Patients’ glucose levels in burn adults (n = 600). Mean daily average glucose (A), 6AM glucose (B), minimum glucose (C), maximum glucose (D), and insulin units administered (E) during the course of hospital stay. Dashed lines indicate SD. Shaded area represents glucose control protocol target range of 90 to 144 mg/dL (5 to 8 mmol/L).

FIGURE 2.

Hypermetabolic response and WAT browning. Burn adults (n = 92) had increased resting energy expenditure expressed as a percentage throughout the course of hospital stay (A). When stratified by burn severity (B), all burn groups (<20%, 20–40%, and >40% TBSA) demonstrated hypermetabolic response with the severe burn persisting beyond 4 weeks postinjury. Data represented as mean ± SEM, *significant difference between 20–40% TBSA and >40% TBSA burned adults, P < 0.05. Morphological and immunohistochemical evidence of browning in white adipose tissue postburn. H&E and UCP-1 staining of representative cross sectional area of paraffin sections of sWAT obtained from burned patients and healthy controls (C). Quantitative RT-PCR gene expression comparing controls to burn patients (>10 days postburn) revealed several fold increased expression in browning marker UCP-1 at the site of injury (D). This increased expression of UCP-1 was further demonstrated when stratified based on injury severity (<40 TBSA vs ≥40% TBSA). Data represented as mean ± SEM. ** = significant difference between controls (n = 5) and burned adults (n = 10); ## = significant difference between < 40% TBSA and ≥40% TBSA burned adults, P < 0.01.

FIGURE 3.

Lipid FFA alterations in burn patients over time. Pro-inflammatory FFA species (stearic and linoleic acids) were all significantly increased within the first 14 days after injury relative to controls (A, B). Anti-inflammatory oleic and vaccenic acid and eicosapentaenoic acid also showed augmented profiles throughout sampling period (C, D). When stratified based on burn size (<40% TBSA vs ≥40% TBSA), both groups had similar profiles with steric acid revealing the most divergent trajectory in the severe groups (E to H). Data expressed as mean ± SEM.*, ** & *** = significant difference between burn (n = 46) and healthy controls (n=5); #, ## & ### = significant difference between < 40% TBSA and ≥40% TBSA burn groups; P < 0.05, P < 0.01, and P < 0.001, respectively.

FIGURE 4.

Metabolic markers of augmented response in WAT. ER stress marker BiP was upregulated in all burn groups relative to controls with highest proportion in >40 TBSA (A).

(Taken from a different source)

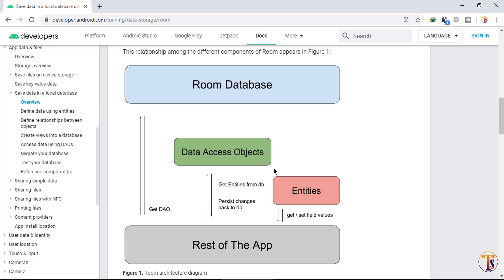All three components of the Room Database are completed. In the next video we will see how we can add data into Room Database. See you in the next video, take care.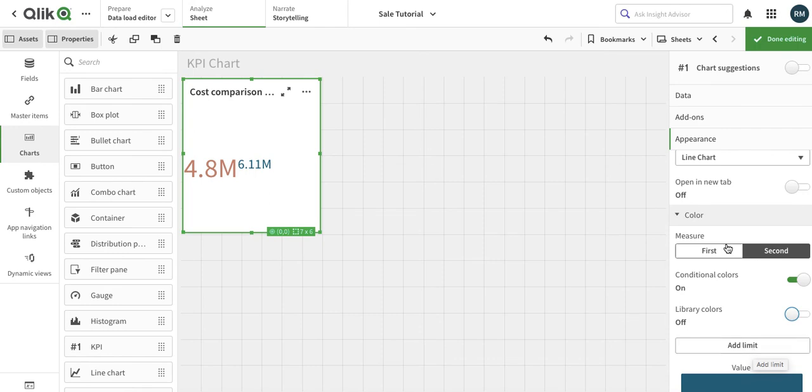That's it pretty much from the comparison chart, KPI chart, which is used to compare two KPI charts. Thank you very much for watching.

Mitochondrial dysfunction was present and manifested by decreased expression of COXIV (B) and increased AMPK (C). As a measure of NLRP3 inflammasome activity, adipose tissue IL-1β was increased in all burn groups and increased with increasing burn severity (D). All tissues were taken within 7 days postburn. Data are represented as mean ± SEM.*, ** & *** = significant difference between controls (n = 5) and burned adults (n = 34); ^, ^^ & ^^^ = significant difference between < 20% TBSA and 20% to 40% TBSA; #, ## & ### = significant difference between <20% TBSA and > 40%TBSA; Ψ, Ψ Ψ & Ψ Ψ Ψ = significant difference between 20–40% TBSA and > 40% TBSA; P < 0.05, P < 0.01, and P < 0.001, respectively.

FIGURE 5.

Plasma cytokine profiling of burn (n = 128) and healthy controls (n = 10) during the course of hospital stay (0 to 3, 4 to 7, 8 to 14, 15 to 21, 22 to 28, >28 days postburn). A significantly augmented inflammatory, chemokine, and metabolic response was present in burn patients and persisted throughout hospital course, with greatest alterations during the acute phase (within 14 days postburn). Data are represented as mean ± SEM.*, ** &*** = significant difference between controls (grey boxes) vs. burned adults; P < 0.05, P < 0.01 and P < 0.001, respectively.